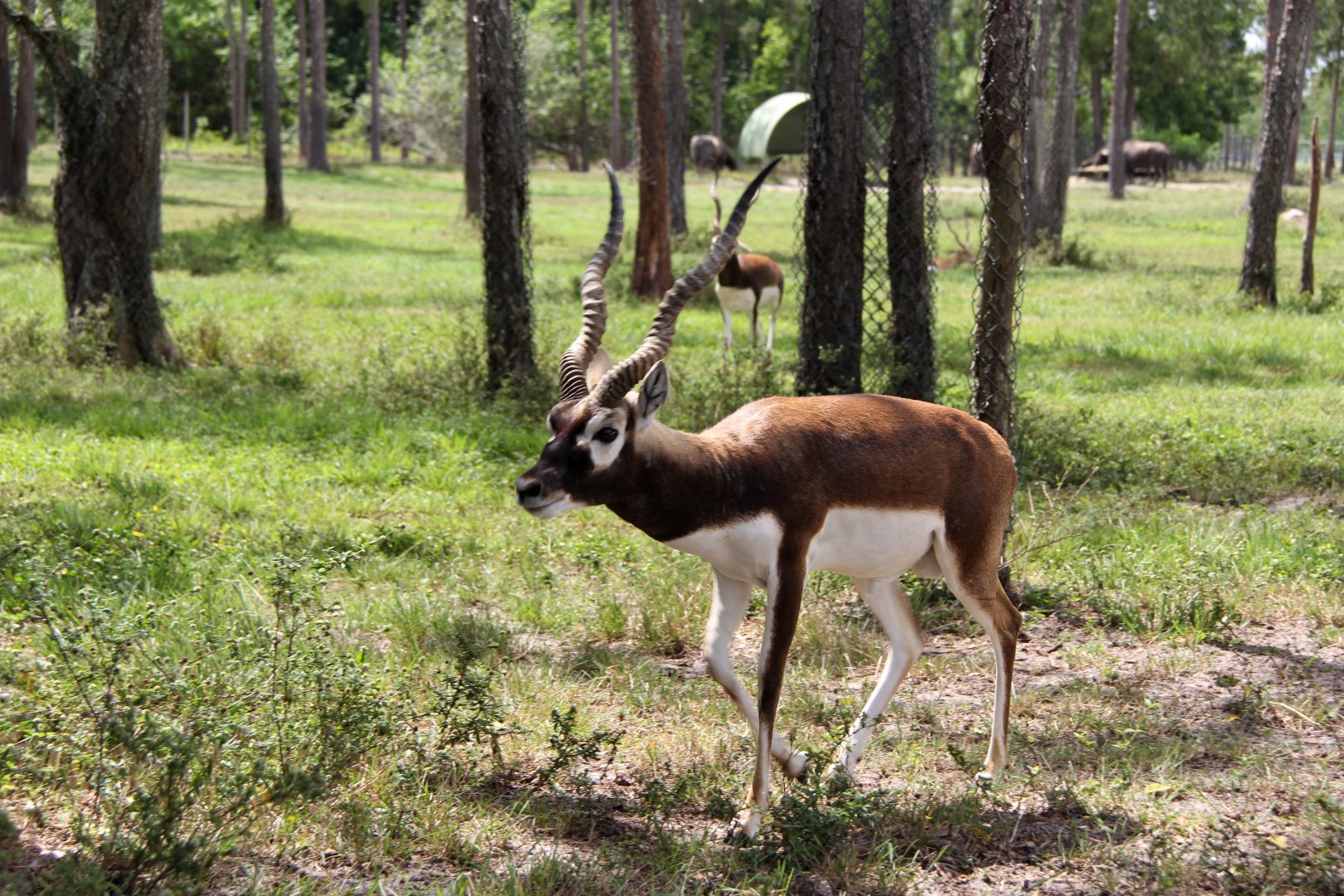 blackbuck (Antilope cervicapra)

---

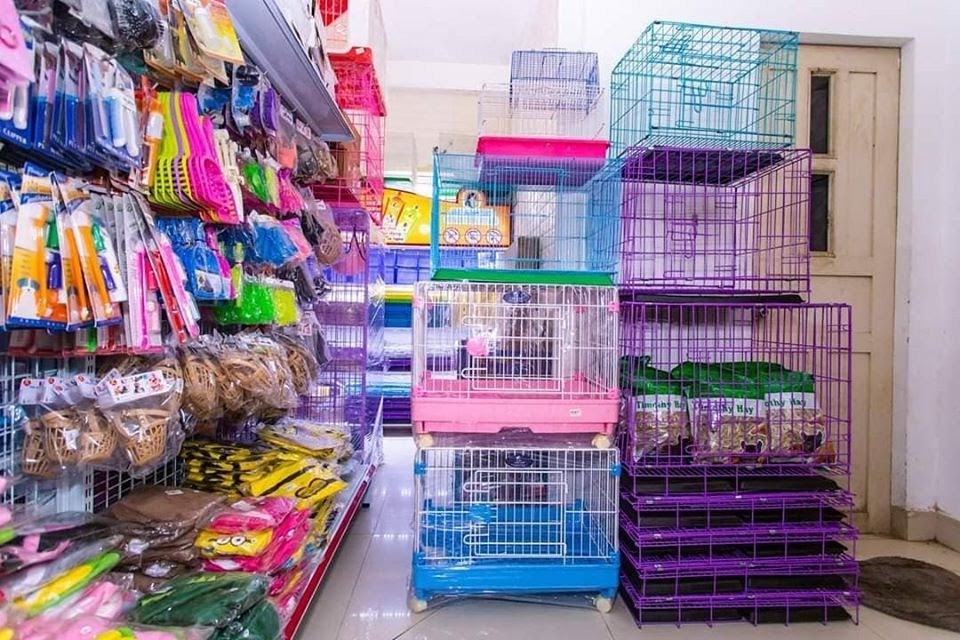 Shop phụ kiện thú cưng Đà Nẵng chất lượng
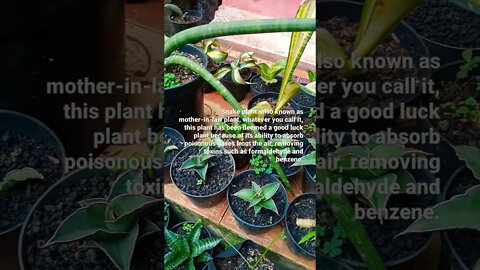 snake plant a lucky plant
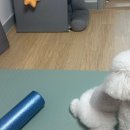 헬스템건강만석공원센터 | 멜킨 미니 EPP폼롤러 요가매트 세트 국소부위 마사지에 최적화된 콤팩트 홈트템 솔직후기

**TASK INSTRUCTIONS**
Above, find the line with "snake plant a lucky plant"; copy it and every line down to the line with "헬스템건강만석공원센터 | 멜킨", exactly and both included, but no pictures.

**OUTPUT OF THE EXERCISE**
 snake plant a lucky plant
 헬스템건강만석공원센터 | 멜킨 미니 EPP폼롤러 요가매트 세트 국소부위 마사지에 최적화된 콤팩트 홈트템 솔직후기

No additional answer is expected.